> **Exercise details**
Copy each line in the data below that contains the word "view".

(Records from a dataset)
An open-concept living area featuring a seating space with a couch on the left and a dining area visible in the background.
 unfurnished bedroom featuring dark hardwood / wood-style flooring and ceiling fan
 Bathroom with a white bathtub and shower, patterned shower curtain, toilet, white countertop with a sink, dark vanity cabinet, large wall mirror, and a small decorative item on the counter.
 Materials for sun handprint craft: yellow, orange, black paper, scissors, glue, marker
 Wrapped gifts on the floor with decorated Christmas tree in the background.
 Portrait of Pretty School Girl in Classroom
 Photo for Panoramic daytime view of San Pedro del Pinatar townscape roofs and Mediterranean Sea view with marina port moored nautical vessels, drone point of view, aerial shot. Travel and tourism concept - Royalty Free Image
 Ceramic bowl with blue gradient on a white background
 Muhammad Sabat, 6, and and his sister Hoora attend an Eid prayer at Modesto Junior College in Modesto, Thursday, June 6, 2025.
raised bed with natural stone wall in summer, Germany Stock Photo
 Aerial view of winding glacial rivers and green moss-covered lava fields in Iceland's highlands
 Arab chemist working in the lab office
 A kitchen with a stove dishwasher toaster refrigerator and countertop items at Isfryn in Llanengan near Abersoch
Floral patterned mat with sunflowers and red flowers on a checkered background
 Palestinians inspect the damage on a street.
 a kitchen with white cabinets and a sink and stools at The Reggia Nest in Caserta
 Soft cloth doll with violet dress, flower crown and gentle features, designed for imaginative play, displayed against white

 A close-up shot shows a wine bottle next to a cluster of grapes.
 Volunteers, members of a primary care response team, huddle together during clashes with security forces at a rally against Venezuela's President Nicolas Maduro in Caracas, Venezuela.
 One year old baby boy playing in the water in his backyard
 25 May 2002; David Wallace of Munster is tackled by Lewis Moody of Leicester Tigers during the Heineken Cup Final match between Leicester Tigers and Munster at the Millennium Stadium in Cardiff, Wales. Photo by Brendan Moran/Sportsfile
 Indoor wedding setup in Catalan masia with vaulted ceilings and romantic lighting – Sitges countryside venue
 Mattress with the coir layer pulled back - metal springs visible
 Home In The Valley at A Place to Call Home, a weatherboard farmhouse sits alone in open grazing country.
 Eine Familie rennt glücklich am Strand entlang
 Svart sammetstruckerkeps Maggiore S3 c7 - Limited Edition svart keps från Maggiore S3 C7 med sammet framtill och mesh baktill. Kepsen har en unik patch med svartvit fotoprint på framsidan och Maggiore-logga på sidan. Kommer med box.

> **Worked solution**
 Photo for Panoramic daytime view of San Pedro del Pinatar townscape roofs and Mediterranean Sea view with marina port moored nautical vessels, drone point of view, aerial shot. Travel and tourism concept - Royalty Free Image
 Aerial view of winding glacial rivers and green moss-covered lava fields in Iceland's highlands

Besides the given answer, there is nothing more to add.